Tensor (reprise) #411

pansk · 2016-11-17T16:50:18Z

Well, as usual, I made a mess with GIT, and apparently I can't easily push to @edgarriba's original PR.

Today I reworked a bit @edgarriba's #400, I changed a bit the interface, added the lazy-allocation and lazy-movement of memory around, renamed accessor to host_ptr and host_at (to clarify they work on host memory), and implemented the generic functions for binary and unary host operations, element-wise and scalar, so it's now easier to implement functions such as add, sub, mul, div, exp, sqrt, ...

I commented out linspace, if someone has a strong opinion about that, we can still get it back in.

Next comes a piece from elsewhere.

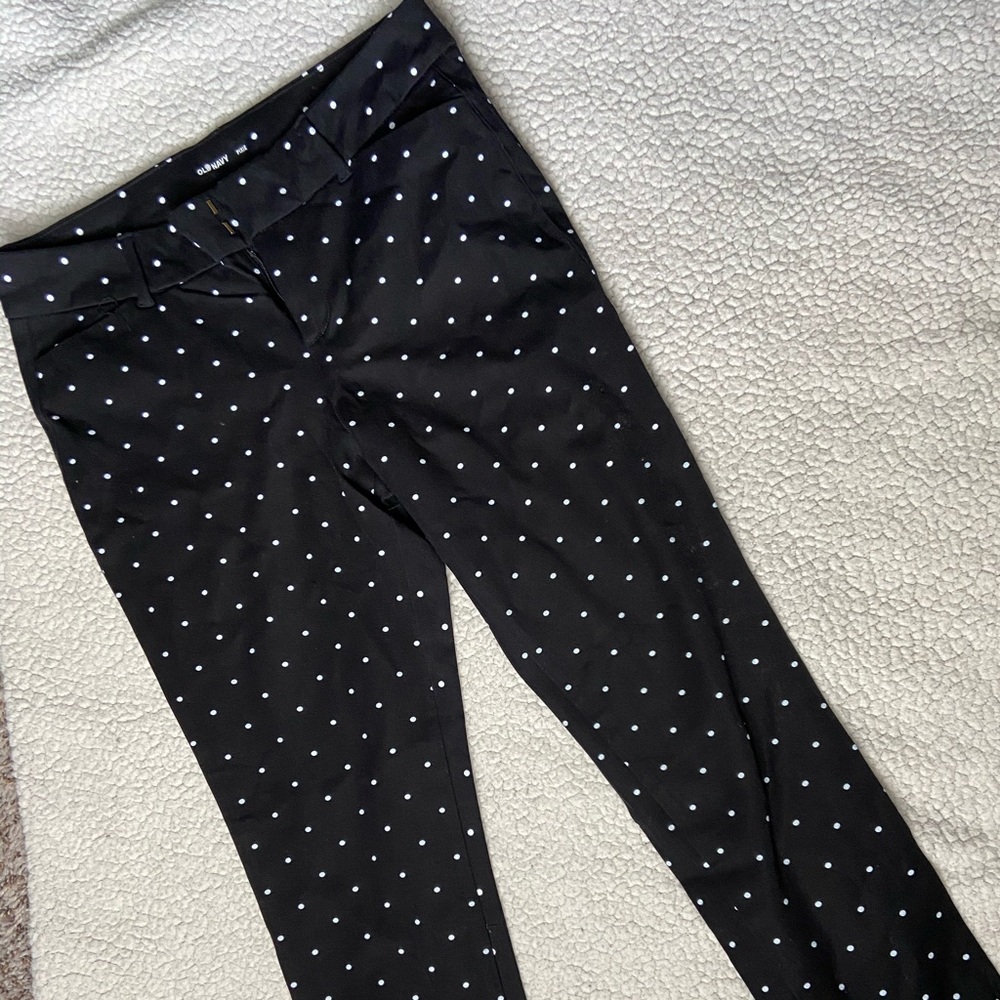 Old Navy polka dot pixie pants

beru · 2016-11-17T17:41:58Z

@pansk I have some questions.

Talking about add, sub, mul, div, sqrt, exp methods, do they need to be implemented as Tensor class's methods? Is it on purpose so that they are chainable?
In binary_scalar_operation, unary_element_wise_operation, binary_element_wise_operation methods implementation, Tensor instance is created and returned but that means just calling the methods would result in abusing heap manager (inevitable memory allocation happens everytime you call the methods) and that's not suitable for embedding computing. Those methods may be convenient but not very efficent from my view.
What about Tensor Iterator class? Personally speaking, I don't utilize iterators and algorithms very well but if Tensor Iterator will not be implemented, I fear someday hardcore C++ programmers may visit your home with pitchforks and torches in their hands.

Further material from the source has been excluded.